Smooth Sumac (Rhus glabra) berries glow red in the field. 
A colony of Smooth Sumac was growing in an open field along the Savannah trail, and the bright red leaves and the deep red berries (drupes) were eye catching, so we stopped to take a closer look. I posted on Staghorn Sumac last November, which looks very similar to Smooth Sumac. A clue to telling them apart is in their name. The branches on Smooth Sumac are smooth, while the branches on Staghorn Sumac are furry like the antlers on a stag when "in velvet." Smooth Sumac is a little smaller as well, and its range extends further south. In Ohio, we have both.

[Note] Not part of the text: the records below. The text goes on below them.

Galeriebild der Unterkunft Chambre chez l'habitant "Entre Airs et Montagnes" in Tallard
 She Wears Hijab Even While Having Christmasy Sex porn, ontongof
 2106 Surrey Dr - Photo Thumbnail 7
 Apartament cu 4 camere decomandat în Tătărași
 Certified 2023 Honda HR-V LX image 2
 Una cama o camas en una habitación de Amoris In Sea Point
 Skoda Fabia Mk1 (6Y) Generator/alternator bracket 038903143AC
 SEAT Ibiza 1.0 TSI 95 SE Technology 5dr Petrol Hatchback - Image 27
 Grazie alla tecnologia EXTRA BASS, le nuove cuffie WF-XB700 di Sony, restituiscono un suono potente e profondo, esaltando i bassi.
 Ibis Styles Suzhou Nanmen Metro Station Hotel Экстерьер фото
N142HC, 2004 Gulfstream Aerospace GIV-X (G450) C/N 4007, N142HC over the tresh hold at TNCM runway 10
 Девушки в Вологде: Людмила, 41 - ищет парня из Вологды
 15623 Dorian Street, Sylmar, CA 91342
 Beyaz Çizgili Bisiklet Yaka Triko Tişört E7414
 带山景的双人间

I love seeing any type of sumac in the wild, because I know winter birds will have emergency food waiting for them this winter. (Click here for the post "Staghorn Sumac is for the birds..." to learn how these plants help birds survive the coldest days of winter and early spring when other food is scarce.)

Both Smooth and Staghorn Sumac are native to Ohio, and both offer stores of food for the birds in the dead of winter when the "tastier" berries have all been consumed.

Smooth Sumac brightens any field, especially in fall when its leaves turn a brilliant red.